Cumulus Networks

Build/IXD + UX/Product/UI Design

Cumulus Networks’ First Product with UI

Leading Kleeen Studio’s Engagement Team

from

March 2018

-

March 2020

NetQ was already a highly-scalable modern network operations toolset that provided visibility and troubleshooting into networks in real-time through a command-line interface (CLI). After 3 false starts trying to design & build their first product UI (including using another design firm), Cumulus hired Kleeen Studio to design and build the new UI and UX plus implement the front end.

GOAL
NetQ was intended to be the flagship product for Cumulus Networks; allowing for increased customer engagement to get the sales done with a good POC, relationship & trust building for consultants & customers, instill confidence in the customer, a DIY-like pride of self-service of accomplishment.

TARGET USER
The target end-user of NetQ was either internal IT/NetOps personal (including network administrators, application engineers, compute virtualization admins, and network architects) or Cumulus consultants who were hired to facilitate sales POCs. Thus NetQ should have the flexibility from installing, to journal network/IT analysts to senior/advanced network architects to manage and configure the network.

Gallery

and

Selected Highlights

for

Cumulus Networks

is available

Here

Discovery & User Research

Existing Research

Coming into this project, Cumulus had a very clear understanding of their personas, use-cases, and capabilities. In many ways, this product’s underlying capabilities were fully baked. We, therefore, had an amazing set of end-user research conducted by the product-management team. In addition, they had recently conducted an extensive panel with end-users with a ton of valuable quotes and insights. Our main task for discovery was to understand the CLI product’s capabilities, comb through the extensive documentation on the use-cases, review the notes from the panel, and of course perform a competitive analysis.

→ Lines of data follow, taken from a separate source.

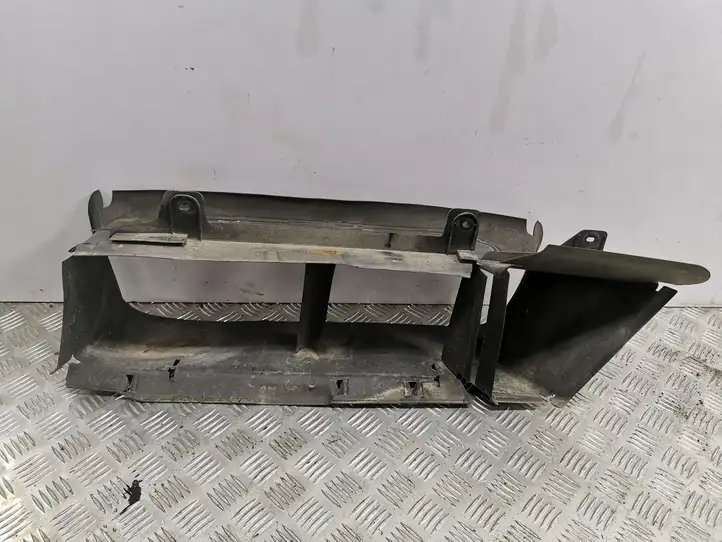 Ford Focus (2011 - 2015) BM518314C Дефлектор воздуха — фото 1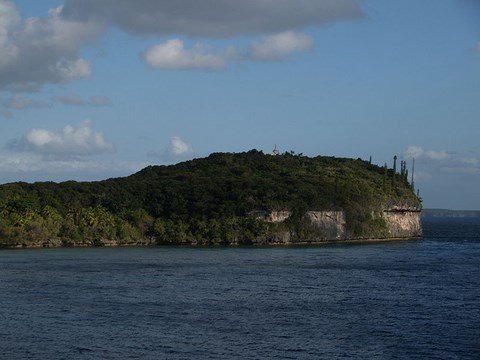 Lifou, la falaise d'Esao et la chapelle Notre Dame de Lourdes - Nouvelle Calédonie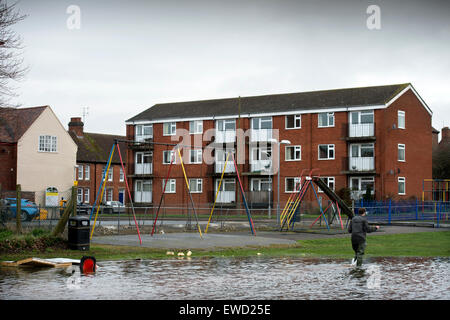 Hochwasser in der Nähe ein Spielplatz und Wohnungen in Upton-auf-Severn, Worcestershire UK 14 Feb Stockfoto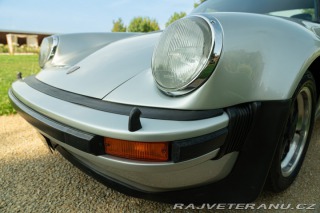 Porsche 911 930 (911) 3.0 TURBO 1975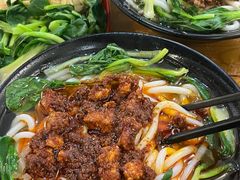 -丽虹云南过桥米线(兴工街店)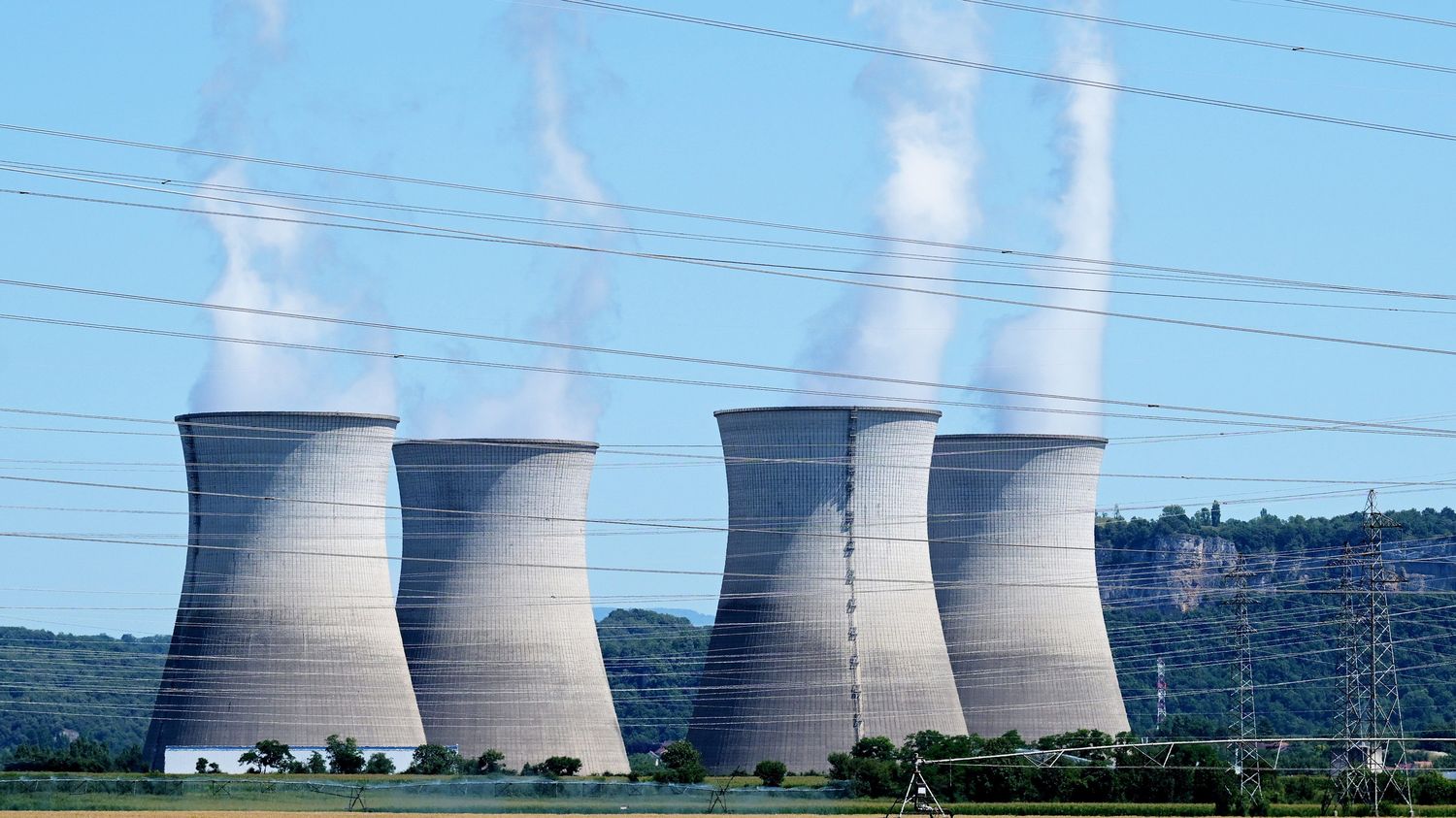 Canicule : EDF prévient de possibles baisses de production dans le parc  nucléaire à partir de mercredi – franceinfo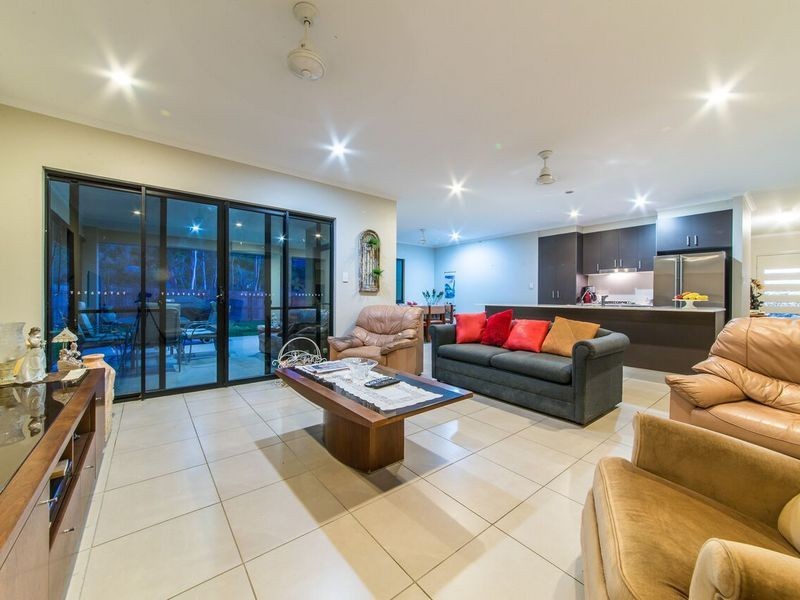 2 Jonquill Court, Cannonvale QLD 4802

Based on our in-depth review of Cumulus’ material, we knew that: 

PERSONAS – The 4+ personas targeted had an extremely wide variety of use-cases and a wide variety of detail granularity, and a huge range of technical skills. Moreover, many of their vocabulary for features implied different degrees of complexity (E.g. an application engineer might expect one or two inputs to “configure,” while a network architect may expect dozens of controls). 

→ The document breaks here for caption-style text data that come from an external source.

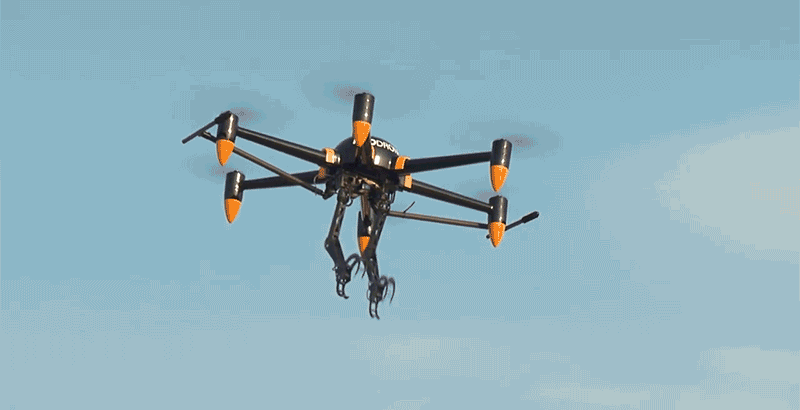 來自日本ProDrone旗下的無人機PD6B-AW-ARM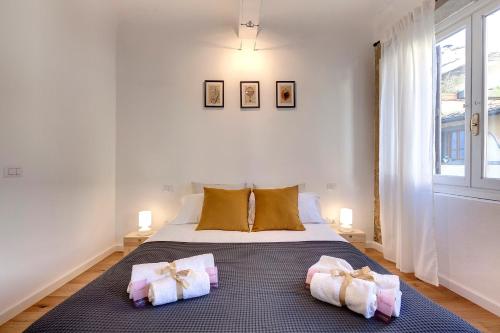One-Bedroom Apartment image 9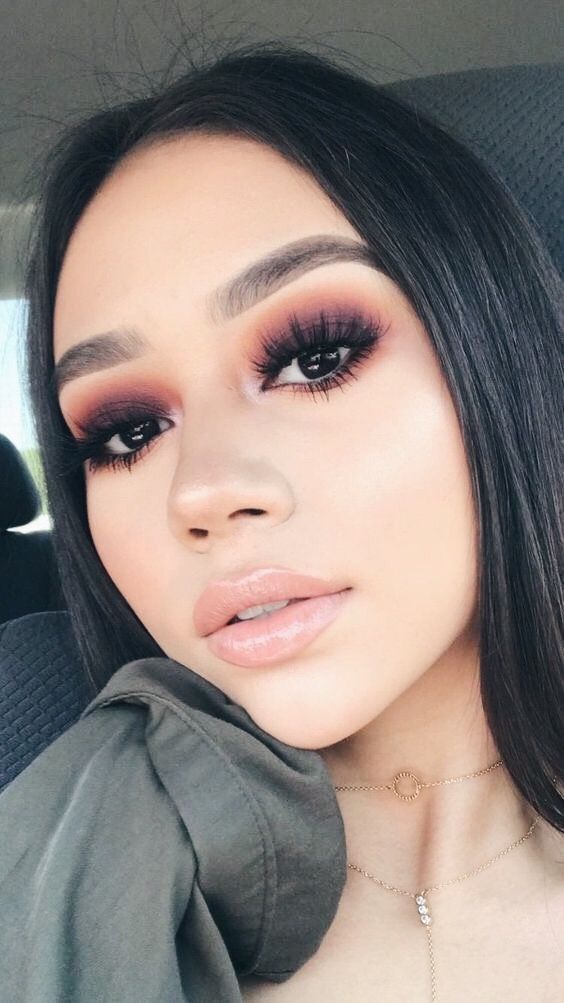 les plus tendances maquillage parfaites pour les brunes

FEATURE RICH – Cumulus’ provides an extremely extensive set of capabilities, KPIs, and metrics – many of which are critical to solving some problems – but not all problems, leaving large holes in workflows.

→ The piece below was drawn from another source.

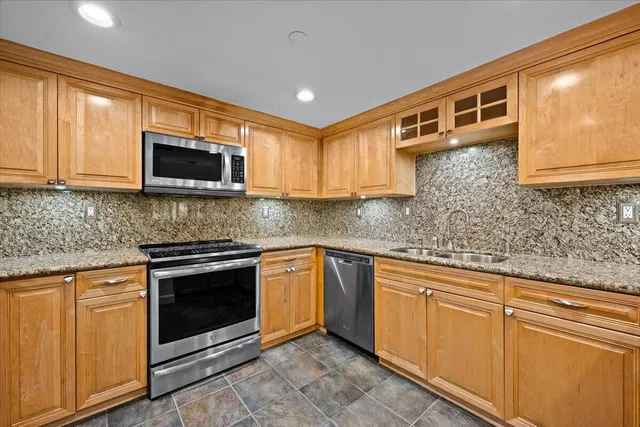 Unit 526 photo 15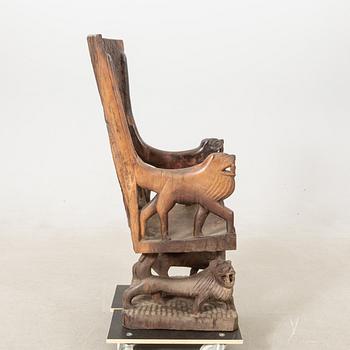 Tron/karmstol, Togo 1900-talets mitt.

WORKFLOWS – The end-user flow is highly unpredictable, and largely is dependent on the in-moment context/data, the particular network, and experience. This resulted in prior designs internally by Cumulus and their prior design firm simply were unable to scale due to the lack of flexibility.

 

Workshops to Uncover Use-Cases

To kick off the engagement with Cumulus, we stated with some workshops where we tried to understand what use-cases (from the large variety their product can handle) were to be supported in NetQ, what specific capabilities related to those, and how those use-cases related to each-other and the various personas. We had workshops with resellers (a primary user), and multiple personas at existing customers.

This resulted in some of the most complicated, interwoven and complex requirements we had almost ever worked with. Not because the product goals were bad – but simply that Cumulus had built such a flexible, powerful and robust platform. We quickly realized through this research that we needed a non-standard approach since the classic pages, tabs, and linking would not make for a streamlined and accessible UX.

From our retrospective and new insights, we came to 4 distinct insights that directly informed the design of our UX approach, which ultimately lead us to conclude that we either needed to build 4 distinct products (one for each persona) OR create a solution that had a unusually high degree of flexibility while preserving end-user context.

❶ CLI was great for power-users/architects, but inaccessible for less technical users 

❷ Alerting / Monitoring / Configuration blurred 

❸ 4+ conflicting personas (reseller, architect, engineers, IT) with different expectations but overlapping vocabulary

❹ Everyone’s “site” was different

 

Iterative Workshops & Rapid Sketching

The single most challenging part of this entire engagement was exploring the best approach to capture the flexibility of the Cumulus platform through a graphical user interface while simultaneously supporting all the required personas and use cases (which can pivot from configuration to management to visibility on a dime). This was a multi-week process with heavy consultation and review with the client.

Chrome + Workbench​

The resulting solution broke down the user interface into two discrete (but deeply related) components: the product chrome and the workbench.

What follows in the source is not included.